* **Task objective**
Set down every record below exactly as it stands, minus the pictures.

##### Provided data

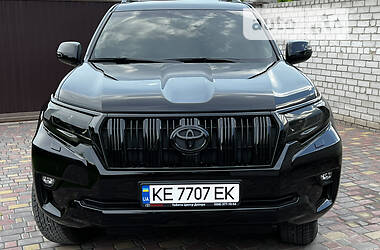 Внедорожник / Кроссовер Toyota Land Cruiser Prado 2020 в 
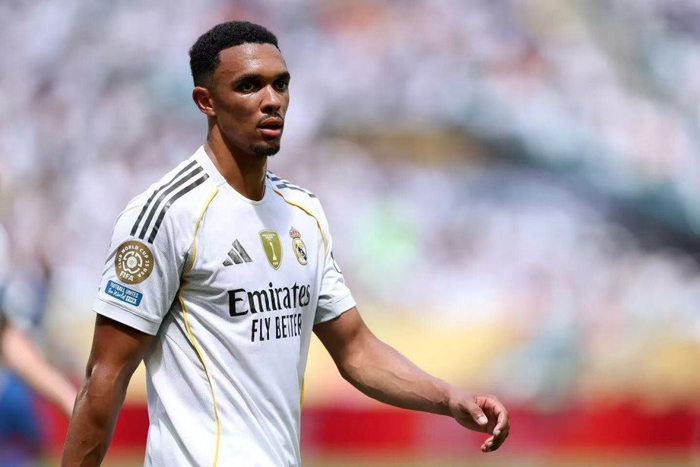 图赫尔排挤阿诺德？莱因克尔炮轰战术安排引发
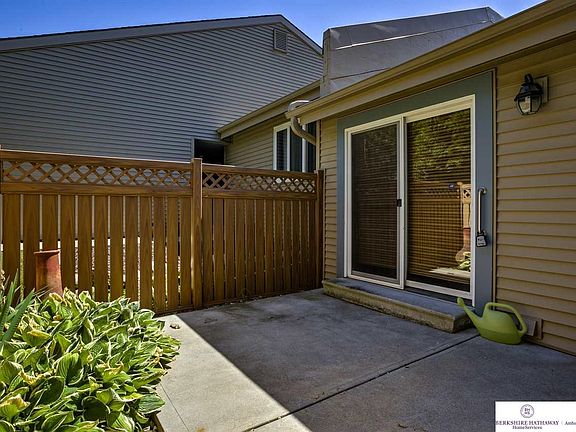 3rd image of 912 S 153rd Ct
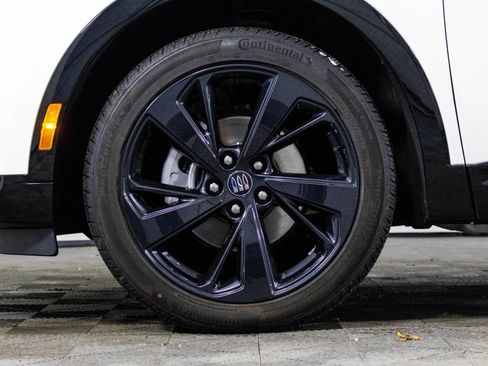 Certified 2025 Buick Envision Sport Touring image 45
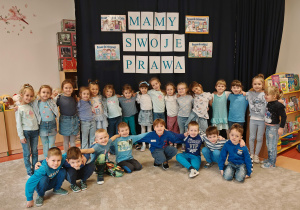 Dzieci na tle dekoracji o prawach dziecka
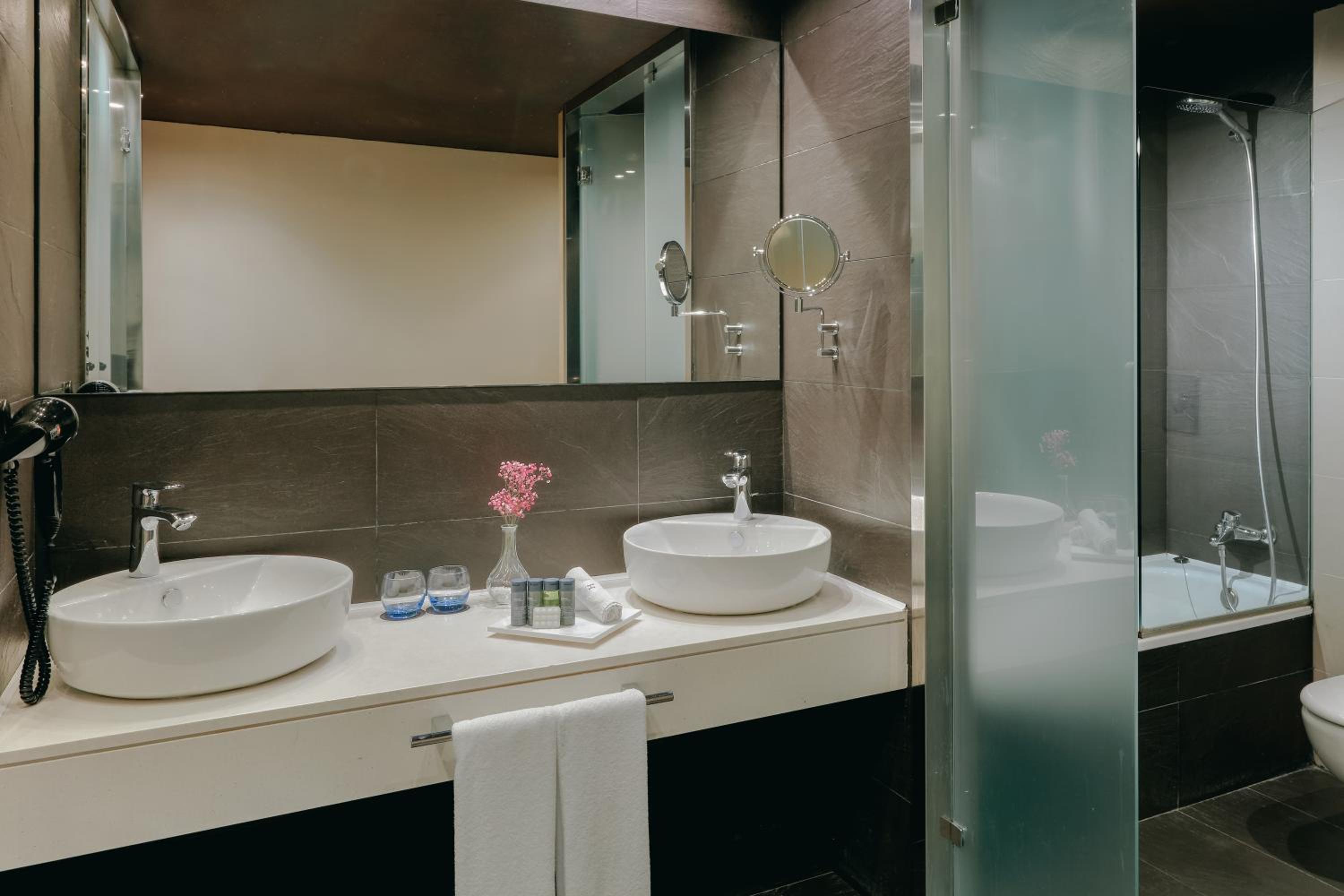 Superior Double or Twin Room with View - Photo 2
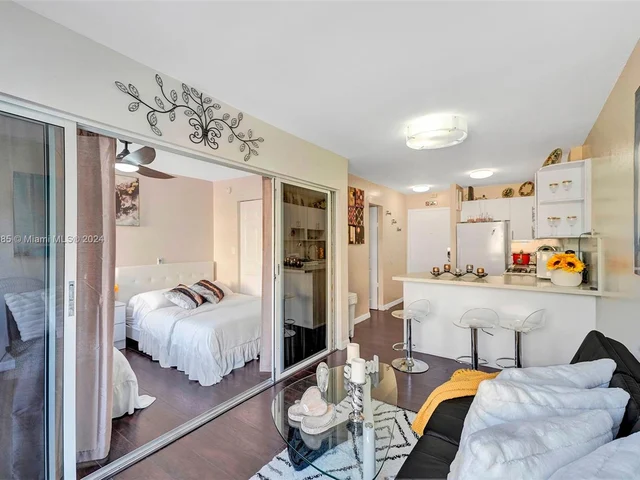 710 Washington Ave, Miami Beach FL 33139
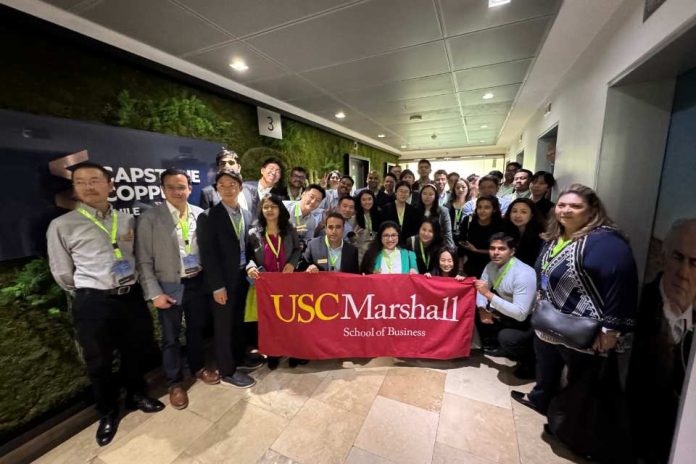 Estudiantes de MBA de universidad estadounidense visitan Colbún para aprender sobre transición energética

##########

* **Solved problem**
 Внедорожник / Кроссовер Toyota Land Cruiser Prado 2020 в 
 图赫尔排挤阿诺德？莱因克尔炮轰战术安排引发
 3rd image of 912 S 153rd Ct
 Certified 2025 Buick Envision Sport Touring image 45
 Dzieci na tle dekoracji o prawach dziecka
 Superior Double or Twin Room with View - Photo 2
 710 Washington Ave, Miami Beach FL 33139
 Estudiantes de MBA de universidad estadounidense visitan Colbún para aprender sobre transición energética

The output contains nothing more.